Kucinich calls for pull-out from Iraq
Originally published in the Stanford Daily
Kucinich calls for pull-out from Iraq
By Vauhini Vara
Staff Writer
Monday, November 10, 2003
last updated November 10, 2003 12:54 PM
The United States should resolve conflicts through international cooperation instead of war, said presidential candidate Dennis Kucinich, a Democrat, in a speech on Saturday that focused on last spring"s war on Iraq.
"The idea that conflict is inevitable, that war is inevitable, needs to be inspected deeply," said the Ohio congressman, arguing that the United States should not have waged war on Iraq and should remove its troops from the country immediately.
Kucinich, the only presidential candidate who voted against the controversial USA Patriot Act, is considered one of the most left-wing of the Democratic candidates " "so far to the left that he makes Howard Dean look like Barry Goldwater," according to a Time magazine profile published in October.

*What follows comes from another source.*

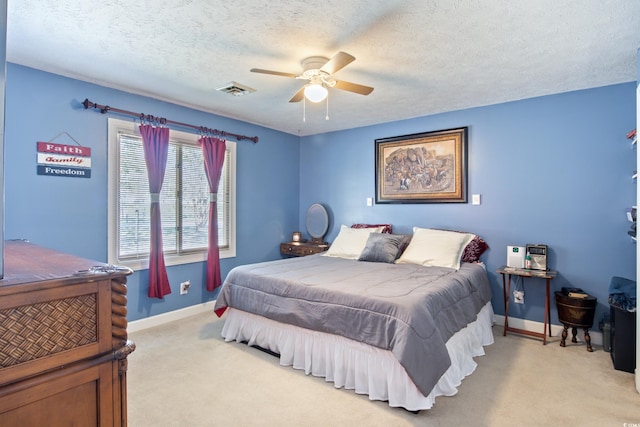 carpeted bedroom with a textured ceiling and ceiling fan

He has been largely ignored by the mainstream media, barely registers in most polls of primary voters and gets little support from the Democratic Party. But by pouring the modest $4 million raised by his campaign into grassroots efforts, Kucinich has garnered a loyal, though small, support base.
"He"s the only candidate that I truly believe in," said Bill Barrows, a Lake County resident who came to Stanford to hear Kucinich"s speech, sponsored by the Aurora Forum.
Kucinich's most daring proposals for the presidency including cutting the Pentagon's budget, creating a universal health care system and withdrawing the United States from the North American Free Trade Agreement and the World Trade Organization. He also hopes to repeal the Patriot Act, which expanded police investigative and surveillance powers, and establish a Department of Peace, which would handle issues ranging from domestic abuse to nuclear non-proliferation, aiming to "create the day when war itself becomes archaic."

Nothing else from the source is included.